Originally Posted by GGA
I probably missed it but I have not been able to find defintions of ISD
, ISD termination,
and ISD gap
. Could someone please point me to a source for these definitions?
the Inter Signal Delay (ISD) gap is a length in time after the original signal reaches the listening position that is essentially anechoic (no reflections or specular energy is allowed to arrive within this window in time) - you are ONLY hearing the direct signal from the speakers and no other reflections from any boundaries within the room.
if you were in an anechoic room, your ISD gap would be infinity, as you'll never get a reflection off a boundary (as all reflections are fully attenuated - just as if you were outdoors or in an infinitely large room).
in small rooms where the boundaries are relatively close, reflections off the sidewalls and ceiling will take a slightly longer path than the direct signal, which means these reflections will arrive slightly longer in time and combine with the original signal at the listening position.
if a specular reflection arrives within the ISD gap, then it is considered to be an 'early' reflection. but it is important to note that not all first-order-reflections are early-reflections. in a large room, the reflection path is so great that the reflection arrives at the listening position outside of this gap - hence it is not necessary an 'early reflection'.
for example - a 20ms ISD means that once the original (direct) signal from the speaker reaches the listening position (straight line, hence the shortest path), there is a 20ms anechoic gap where no other specular energy impedes the listening position. this allows the brain to 'digest' the original signal in totality before also hearing the reflections within the room.
any early-reflections arriving at the listening position within 15ms or so of the original signal will cause time-smearing and issues related to clarity. any early reflections arriving in this window need to be identified and attenuated (either by redirection, absorption, etc)...if that is indeed the room model you are emulating and the specular response you are looking to achieve.
by attenuating these early reflections (or delaying the time in which they reach the listening position AFTER the original signal), you're also essentially tricking the brain into thinking you're in a larger room.
the termination of this gap is the first significant burst of energy (specular or diffused) that arrives after the anechoic ISD gap, hence "terminating" the gap.
there are psycho acoustic effects that relate to this termination (Haas effect). if you read some of SAC's commentary that i quoted on the previous page, this will be better explained.
it was born out of control room models (LEDE/RFZ) - which each have very specific criteria for how the specular energy arrives and decays at the listening position - but these room models are directly applicable to critical listening rooms (where the room needs to be made as neutral as possible, if that is the design requirement).
with regards to recording (which is not really relevant here, but it does add insight) ... the ITD (Initial Time Delay) is generally used for the length in time in the recording room, and the ISD (Initial Signal Delay) is generally referred to the gap within the control (mixing/listening) room.

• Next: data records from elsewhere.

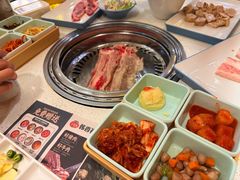 -韩香福烤肉庄园(华夏路店)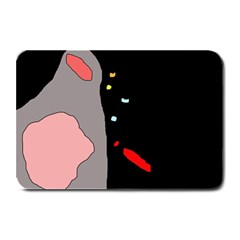 Crazy Abstraction Plate Mats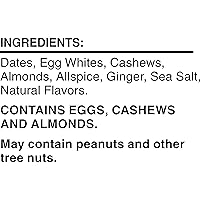 Vista 11 de RXBAR Barras de proteínas, aperitivo de proteínas, barras de aperitivos, pan de jengibre, caja de 22 onzas (12 unidades)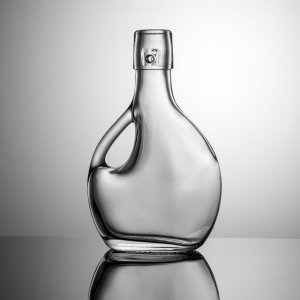 Стъклена бутилка Bocksbeutel 0,2 л - тест на таблици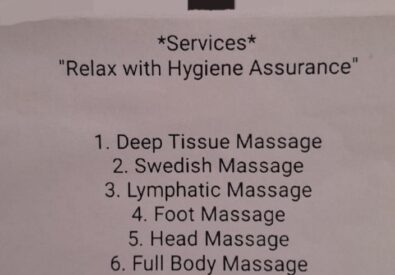 Raju Massage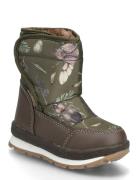 Winter Boot Padded Khaki Mikk-line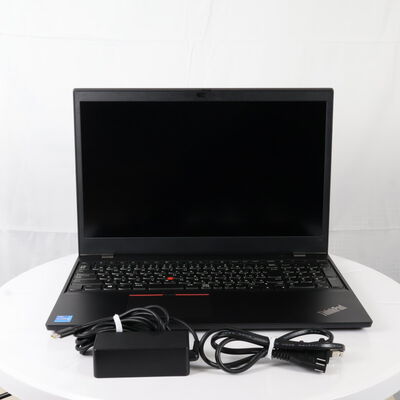 【通販センター】中古  LenovoThinkPad L15 Gen2(Intel Core i5 1135G7 2.40GHz/16GB DDR4/SSD512GB/-/オンボード/15.6/1920x1080/GbE/Wi-Fi/WEBCAM/W11P/Microsoft Office Home and Business 2024/VBT) 198532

so, if music was recorded in a large space where the first reflection arrived 30ms after the original signal ... and you were to play this back in your control room that is much smaller in space (eg first reflection arrives at 15ms) ... this means that your control/listening room is masking the recording., and instead of 'hearing' the room the music was recorded in, you're hearing your listening room mask its sound on top of the recording.
so, the general criteria is to have the ISD of the listening/control room be 2-5ms later than that of the recording room ... so you can hear the room in the recording in totality before your listening room has a chance to mask its sound on top. think about listening to a recording from a large concert hall, and playing it back (reproducing it) in your bathroom. you are going to 'hear' the small acoustical space via the early reflections, versus 'hearing' the concert hall ambiance. if you close your eyes, you'll be aware you're in a very small room vs being transported into 'being' in the room of the recording.
go into your bathroom and close your eyes and begin talking. when you talk, the reflections off the boundaries arrive back at your ear very quickly because of how close the boundaries are, and your brain processes this and you can 'hear' or 'feel' how small the room is. if you did this in a large room (movie theater, warehouse,etc) the reflections would take a much longer time to reach your ears (possibly turning the reflection into a distinct 'echo'), and you could 'feel' how large of a room you're in, even if you were blindfolded.